Researchers give more insight into bone diseases
Tokyo, Japan: Diseases affecting the bones and joints are becoming more widespread in today's elderly populations. For example, in Japan alone, approximately 12 million people suffer from osteoporosis, a disorder that significantly weakens and fragilizes bones. Understanding the biological processes involved in the maintenance of bone and joint tissue is an important first step toward developing effective therapies for these illnesses.
Osteoclasts are a type of cell that plays a crucial role in bone maintenance. These cells absorb and breakdown old or broken bone, letting the body to reuse key elements such as calcium and creating space for new bones. As one may assume, many bone diseases develop when osteoclasts do not perform their functions adequately. Scientists are exploring the processes that control the proliferation and differentiation of precursor cells into osteoclasts.
Interestingly, in a study published in 2020, researchers from Tokyo University of Science (TUS) led by Professor Tadayoshi Hayata revealed that the cytoplasmic polyadenylation element-binding protein 4 (Cpeb4) protein is essential in osteoclast differentiation. They also discovered that this protein, which regulates the stability and translation of messenger RNA (mRNA) molecules, transported into specific structures within the nucleus of the cell when osteoclast differentiation was induced. However, just how this relocation occurs and what Cpeb4 exactly does within these nuclear structures still remains a mystery.

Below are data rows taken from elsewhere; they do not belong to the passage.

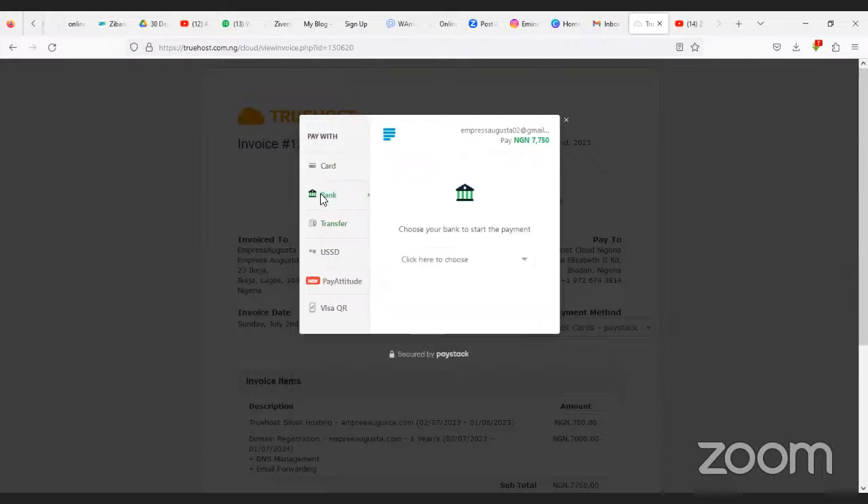Whichever payment option you use, once done you will receive an email confirming your payment was received successfully. Processing takes within 24 to 72 hours, up to a maximum of five working days. Remember, the WhatsApp icon at the beginning of the page is the customer care service where you can chat with them. If this was helpful, like, share with friends, subscribe to this channel, and turn on post notifications.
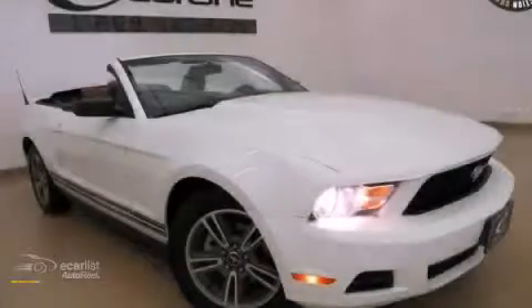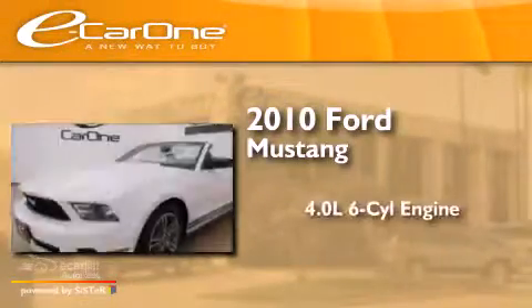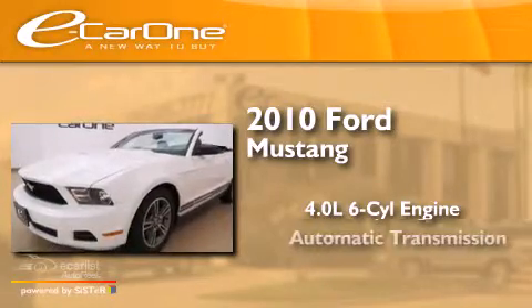This is a 2010 Ford Mustang. It has a 4.0-liter six-cylinder engine and an automatic transmission.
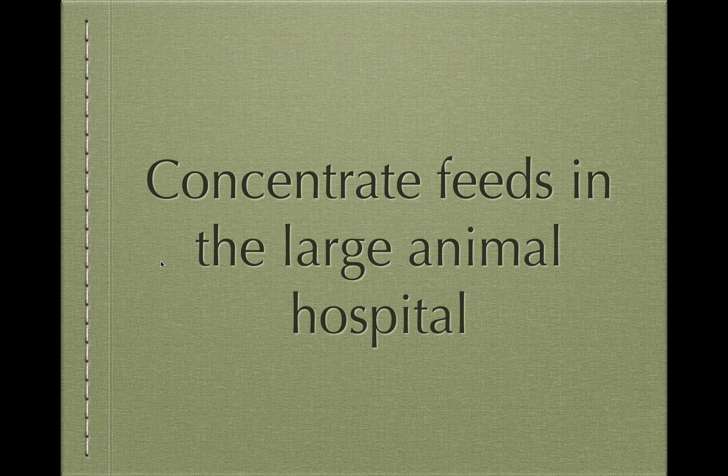This is the second part of the large animal concentrate feeds content. I'm going to go through some practicalities on their storage and use in a veterinary hospital. The first part was fairly heavy — we went through calculations relating to dry matter intakes and talked about different types of concentrates and the forms they come in. This second part is going to be shorter and more straightforward.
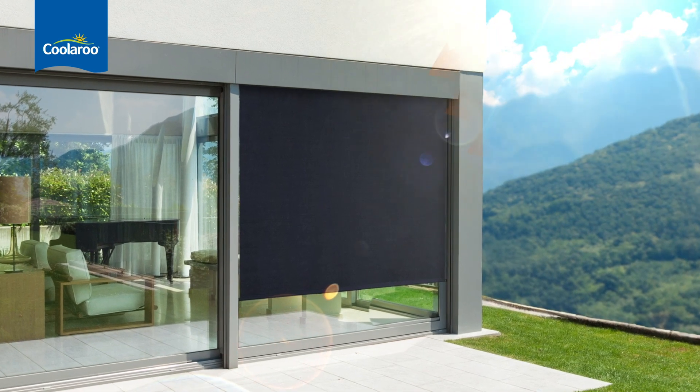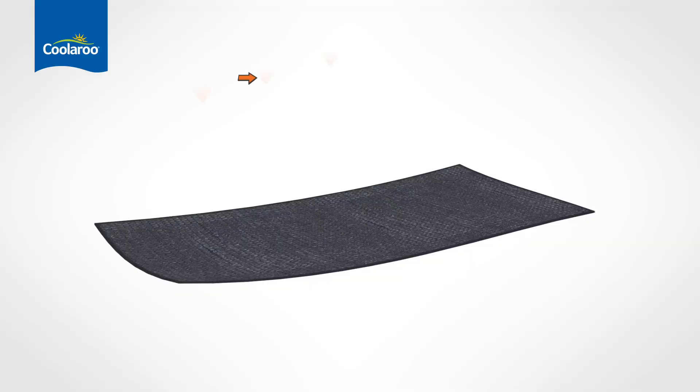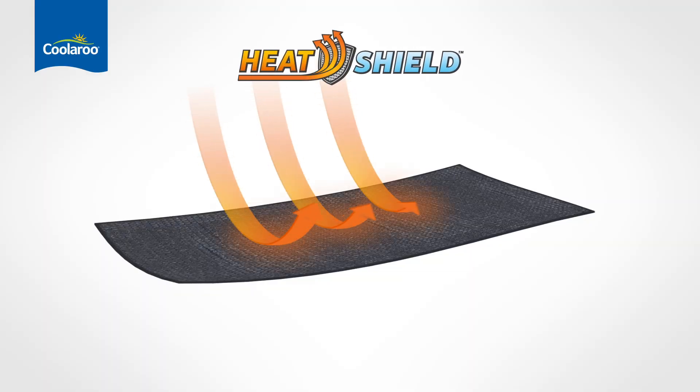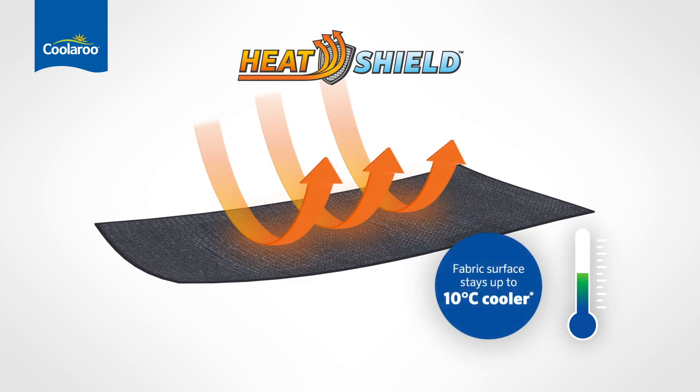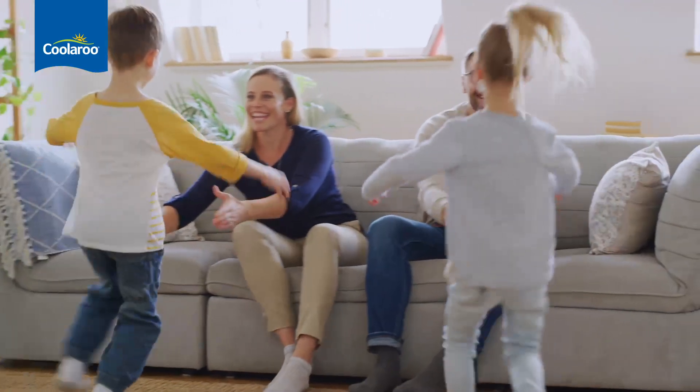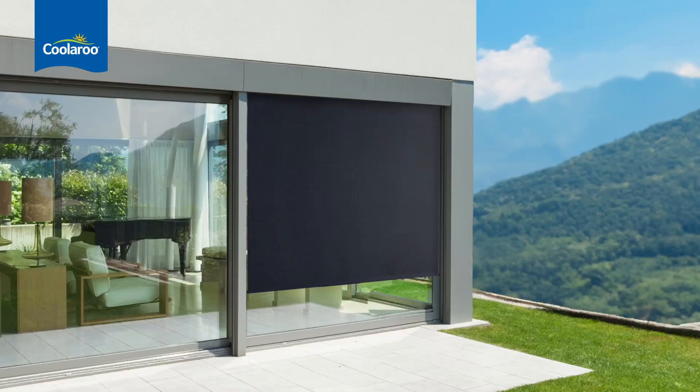Coolaroo heat shield's unique patented technology actively reflects the sun's infrared rays. It works by reducing the infrared energy absorbed into the fabric, and less energy means less heat. This means that the surface stays up to 10 degrees cooler, which helps prevent heat from entering your home, creating a cooler, more comfortable environment.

Now, in a recent study published in the Journal of Cellular Physiology on 29 January 2024, Prof. Hayata and Mr. Yasuhiro Arasaki from TUS tackled these knowledge gaps. Motivated by the intricate and complex process of osteoclast differentiation, they sought to more thoroughly understand how the "life cycle" of mRNA, i.e., mRNA metabolism, is involved.
First, the researchers introduced strategic modifications into Cpeb4 proteins and performed a series of experiments in cell cultures. They found that the localization of Cpbe4 in the abovementioned nuclear bodies occurred owing to its ability to bind to RNA molecules. Afterwards, seeking to understand the role of Cpeb4 in the nucleus, the researchers demonstrated that Cpeb4 co-localized with certain mRNA splicing factors. These proteins are involved in the process of mRNA splicing, which is a key step in mRNA metabolism. Put simply, it enables a cell to produce diverse mature mRNA molecules (and eventually proteins) from a single gene.
Through RNA sequencing and gene analysis in Cpeb4-depleted cells, they found that Cpeb4 alters the expression of multiple genes associated with splicing events in freshly differentiated osteoclasts. Finally, through further experiments, the researchers revealed that Cpeb4 only altered the splicing patterns of Id2 mRNA, an important protein known to regulate osteoclast differentiation and development.